- What you are asked to do
Set down nothing except the lines starting at the one with "Certified 2025 Audi A3 2.0T Premium image 32" and ending at the final line of the material, each word for word.

- Source material
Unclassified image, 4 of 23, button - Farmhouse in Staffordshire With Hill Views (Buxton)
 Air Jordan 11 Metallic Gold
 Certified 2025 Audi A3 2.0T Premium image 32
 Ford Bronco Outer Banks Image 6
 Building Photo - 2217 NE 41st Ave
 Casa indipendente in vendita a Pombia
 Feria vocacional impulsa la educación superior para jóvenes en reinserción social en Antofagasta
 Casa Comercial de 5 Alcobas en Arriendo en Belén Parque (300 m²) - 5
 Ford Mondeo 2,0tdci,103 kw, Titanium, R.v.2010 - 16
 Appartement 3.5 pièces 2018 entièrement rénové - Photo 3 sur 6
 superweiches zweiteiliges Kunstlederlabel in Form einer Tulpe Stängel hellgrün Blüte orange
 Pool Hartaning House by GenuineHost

- Solution
 Certified 2025 Audi A3 2.0T Premium image 32
 Ford Bronco Outer Banks Image 6
 Building Photo - 2217 NE 41st Ave
 Casa indipendente in vendita a Pombia
 Feria vocacional impulsa la educación superior para jóvenes en reinserción social en Antofagasta
 Casa Comercial de 5 Alcobas en Arriendo en Belén Parque (300 m²) - 5
 Ford Mondeo 2,0tdci,103 kw, Titanium, R.v.2010 - 16
 Appartement 3.5 pièces 2018 entièrement rénové - Photo 3 sur 6
 superweiches zweiteiliges Kunstlederlabel in Form einer Tulpe Stängel hellgrün Blüte orange
 Pool Hartaning House by GenuineHost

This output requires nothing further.